The Shakers were a unique and very successful communal experiment when they first began to establish their villages in America in the late 1700s. For more than two hundred years they have produced magnificently crafted works to meet their functional needs for everyday life. These images share the spirit and beautry of some of that artistic craftsmanship. But these creations were only visual testament to a spiritual commitment that guided their creativity and every other aspect of the Beliiever's life on earth.


Mother Ann, the founding leader, and her believers were so violently persecuted for their preachings that Ann was left frail and died in 1784. During the ten short years that Mother Ann Lee lived in America, she and her followers founded a religious sect that grew by the mid-nineteenth century to almost 5000 members and was formally called The United Society of Believers. They organized nineteen principle communities from Maine to Kentucky. 

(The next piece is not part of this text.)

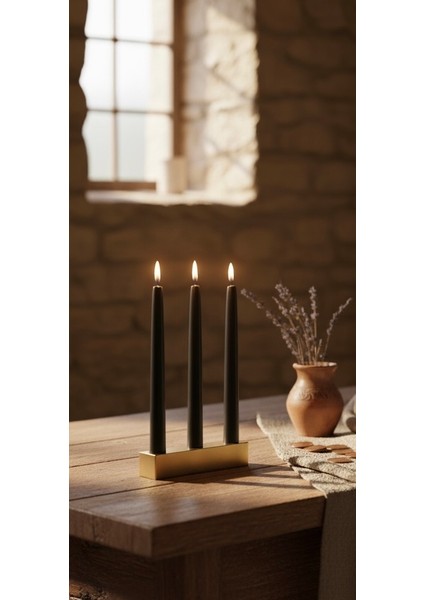 Som Pirinç Mumluk Şamdan (24X24 mm Kare / 120 mm Uzunluk) - Minimalist Tasarım Lüks Dekor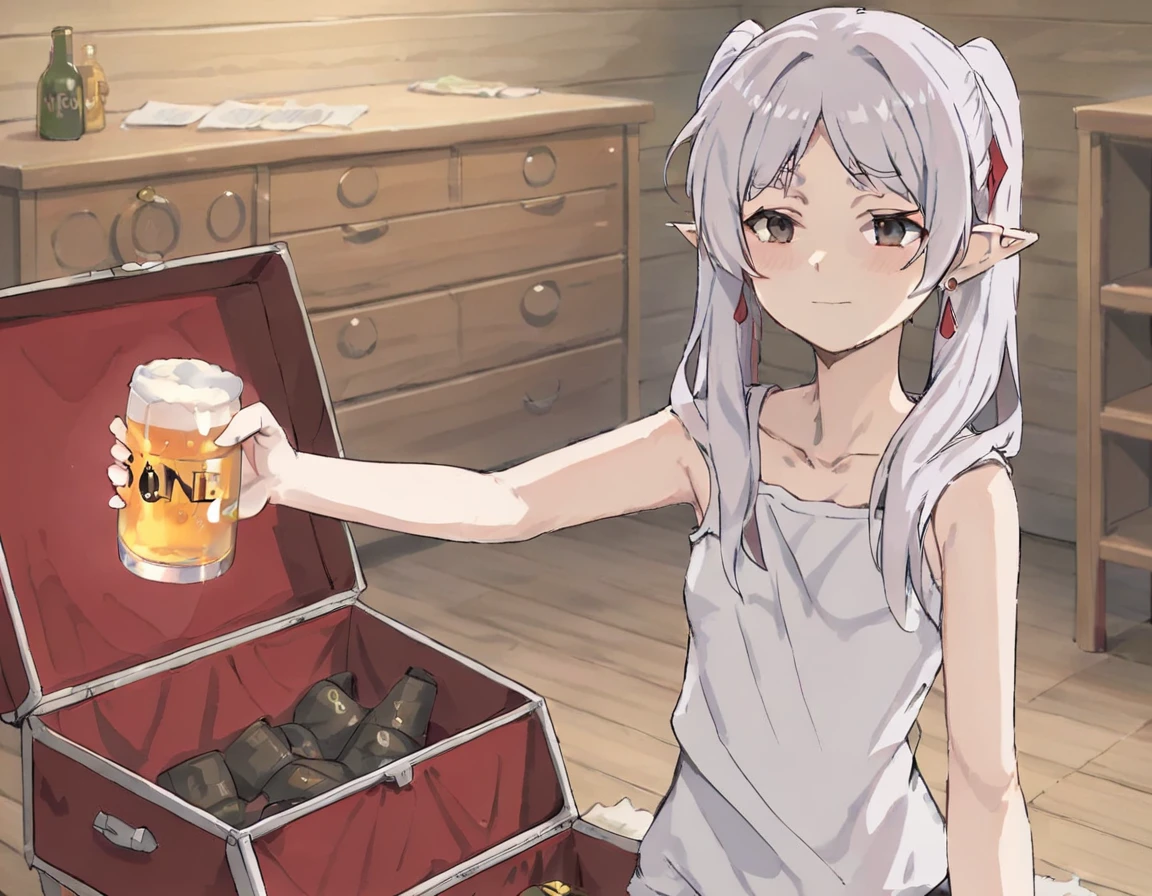 masterpiece,solo,anime-style,a misato holding a beer in her one hand,<lora:frieren_meme-000014:0.85>,room, treasure chest <lora:misatoSDXL:1>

The Shakers embrace the ideas of celibacy, gender equality, pacifism and confession of sin. Their theology believes in the dual sexuality of the Creator. Shakers believe that individuals themselves can commune directly with God, each person finding God within himself or herself. They seek to experience ‘heaven on earth’ as they work and live under the communitarian social order of each established village. Mother Ann, a charismatic speaker and ardent believer, is thought by the group to be the second coming, a female manifestation, of Christ.